## What to produce
The exercise calls for exact output of the lines between the one that contains "Fleurs de capucine" and the end of the data, with both ends kept and pictures left out.

## Raw data
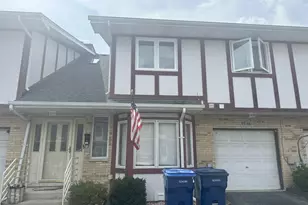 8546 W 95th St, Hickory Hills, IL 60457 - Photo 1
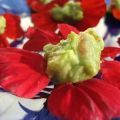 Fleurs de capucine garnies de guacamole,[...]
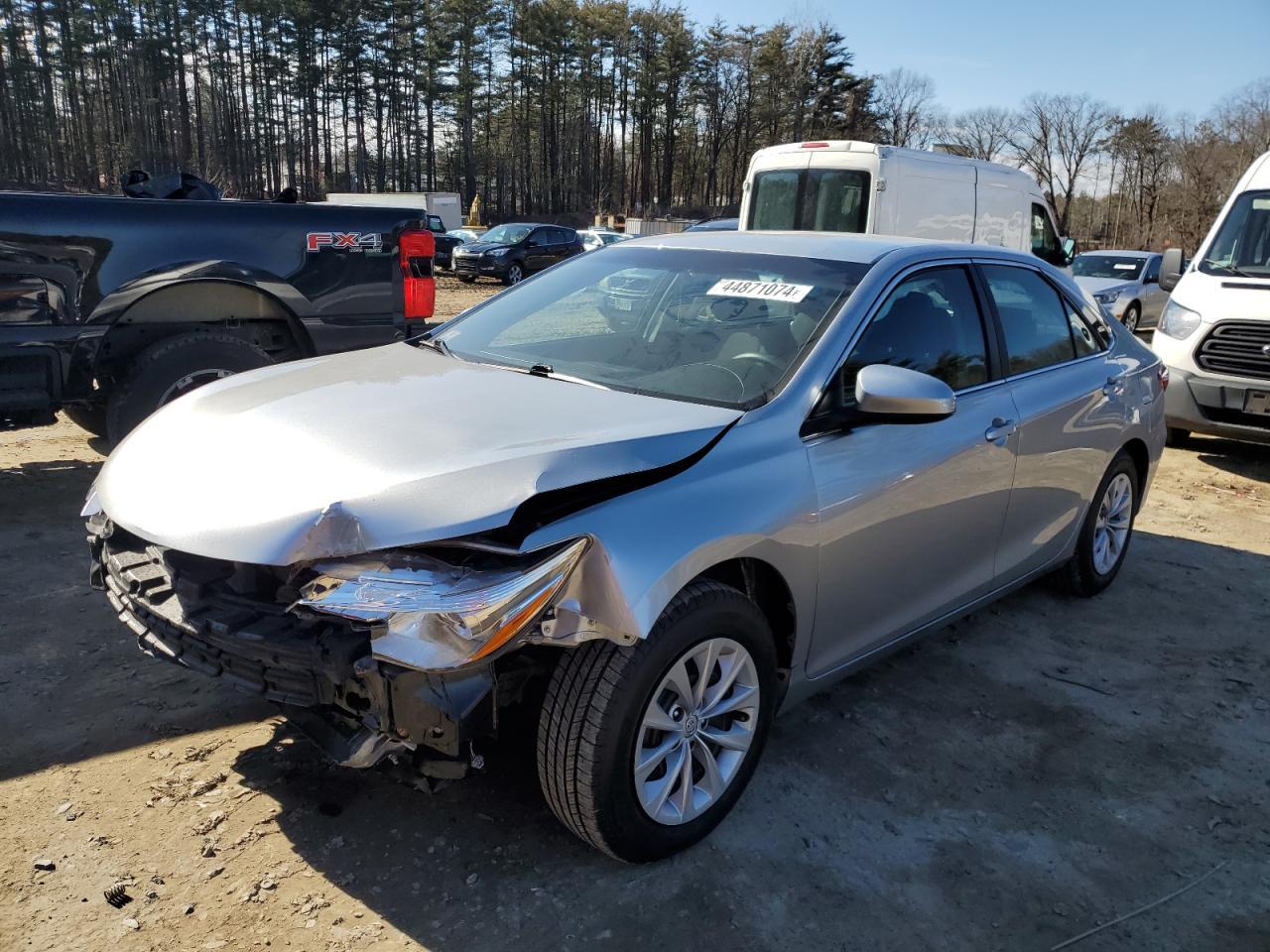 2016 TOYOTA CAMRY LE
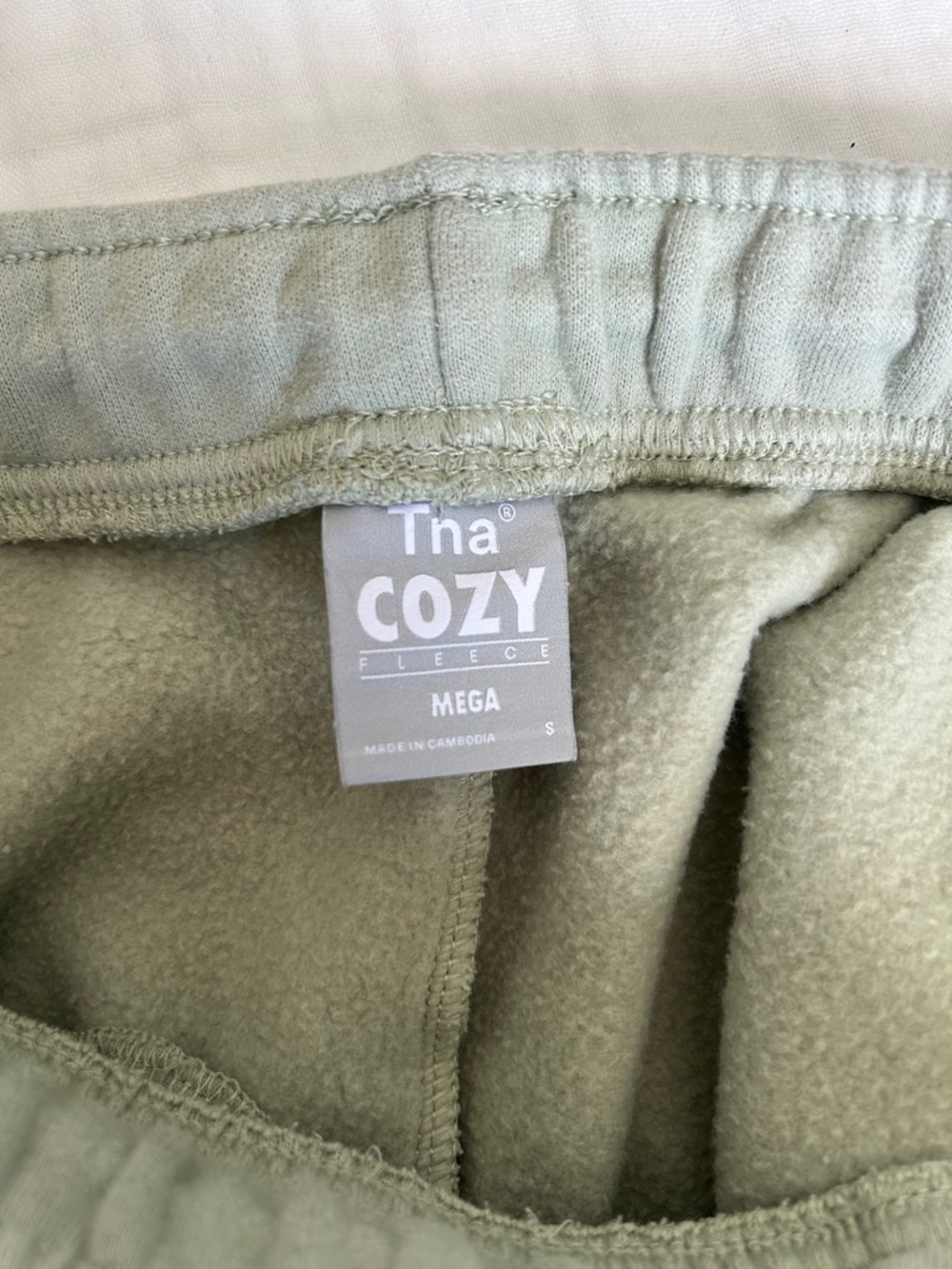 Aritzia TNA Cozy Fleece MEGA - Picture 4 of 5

## Your solution
 Fleurs de capucine garnies de guacamole,[...]
 2016 TOYOTA CAMRY LE
 Aritzia TNA Cozy Fleece MEGA - Picture 4 of 5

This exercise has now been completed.